The sensitivity of human Burkitt's lymphoma cells to rituximab (Rtx) and tositumomab (Tst) was assessed on cells expressing different levels of CD20 on surface. Cells that harbor low CD20 levels may resists against therapeutics response to CD20-specific antibodies. We postulated that, radiation-induced modulation of CD20 surface levels may play a crucial and central role in determining the relative efficacy of rituximab and tositumomab in treating Burkitt's lymphoma disease.
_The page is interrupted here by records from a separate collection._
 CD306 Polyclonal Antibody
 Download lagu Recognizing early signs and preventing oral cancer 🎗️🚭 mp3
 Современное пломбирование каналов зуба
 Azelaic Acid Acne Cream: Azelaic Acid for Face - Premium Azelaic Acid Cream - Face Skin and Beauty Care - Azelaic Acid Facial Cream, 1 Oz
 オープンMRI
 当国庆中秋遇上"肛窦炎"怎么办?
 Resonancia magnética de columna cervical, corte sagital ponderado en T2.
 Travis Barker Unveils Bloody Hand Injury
Here, we examined the γ-radiation-induced CD20 expression in the Burkitt lymphoma cell line 'Daudi' and the relation of differential levels of CD20 with anti-CD20 mAbs mediated cell death.
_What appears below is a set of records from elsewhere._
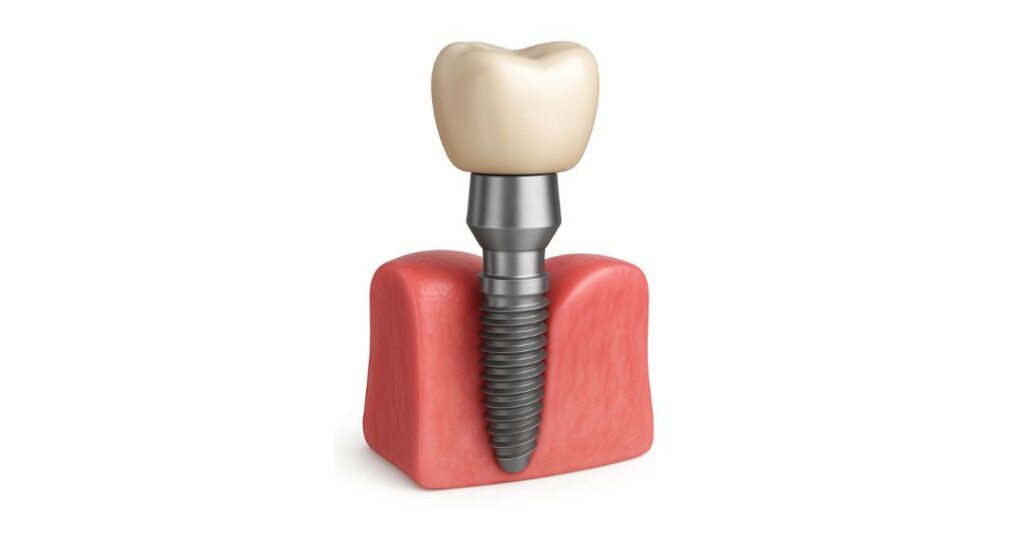 Implante Dentário na Cidade 2000 | Dentista em Fortaleza Implante Dental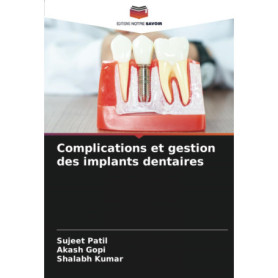 Complications et Gestion des Implants Dentaires : Guide Pratique pour Dentistes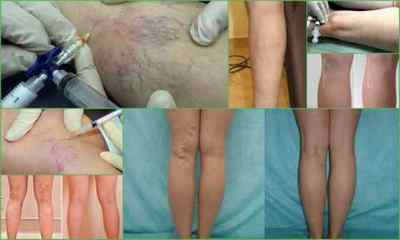 Склеротерапія вен нижніх кінцівок: відгуки, фото до і після, ціна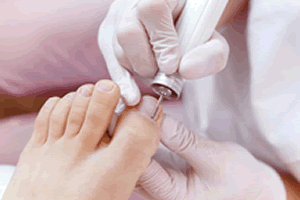 Pedicure
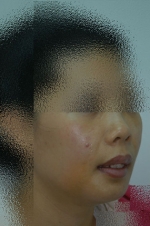 SEIN Aesthetic Plastic Surgery Clinic,Reviews,Images, Promotions — Korea cost, reviews & before-after | MISOODA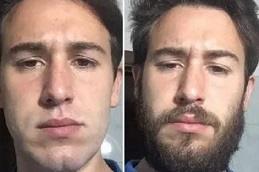 Beard Hair Transplant Clinic In Dubai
In this study we examined kinetics of CD20 expression following sub lethal doses ofγ-radiation to Daudi cells and thereafter anti-CD20 mAbs (rituximab and tositumomab) were added in cell suspensions. The correlation of kinetics of CD20 expression and cells treated with anti-CD20 mAbs/or corresponding isotype Abs with special reference to changes in mitochondrial membrane potential and reactive oxygen species generation was also examined. Further, we also investigated the efficacy of anti-CD20 mAbs and possible induction of cell death in relation to levels of CD20 cell surface expression.
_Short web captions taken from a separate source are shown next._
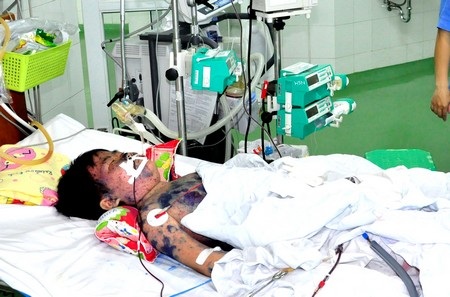 Một học sinh lớp 3 thập tử nhất sinh vì bệnh hư thận - 2 Cơ thể cháu Tường nổi nhiều bọng nước như bệnh thủy đậu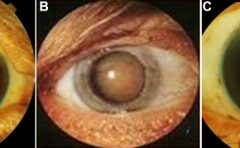 Cataract examples
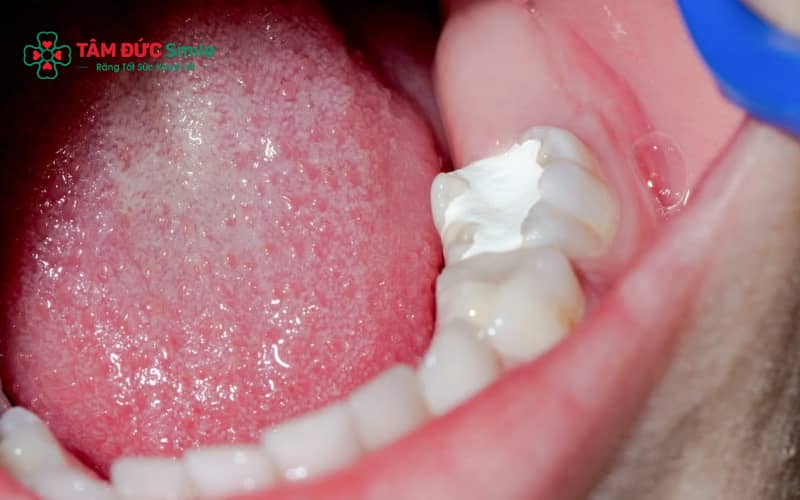 Trám răng giúp phục hồi hình thể và chức năng răng, ngăn ngừa sâu răng tiến triển nặng hơn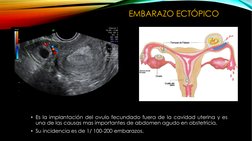 • Es la implantación del ovulo fecundado fuera de la cavidad uterina y es
una de las causas mas importantes de abdomen agudo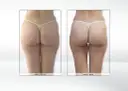 Endermologia: Ile cm stracisz? Realne efekty i wskazówki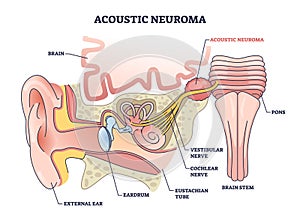Acoustic neuroma as benign tumor near vestibular nerve outline diagram photo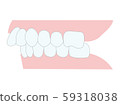 咬合不良，上頜前突，牙齒對齊 59318038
This report provides evidence that CD20 expression can be induced by exposure of cells to γ-radiation. In addition, these findings demonstrated that the efficacy of anti-CD20 mAbs is dependent on the surface levels of CD20. Based on these findings, we hypothesized (i) irradiation just prior to immunotherapy may provide new treatment options even in aggressive B cell tumors, which are resistant to current therapies in vivo (ii) The efficacy of induction of apoptosis varies with type of monoclonal antibodies in vitro.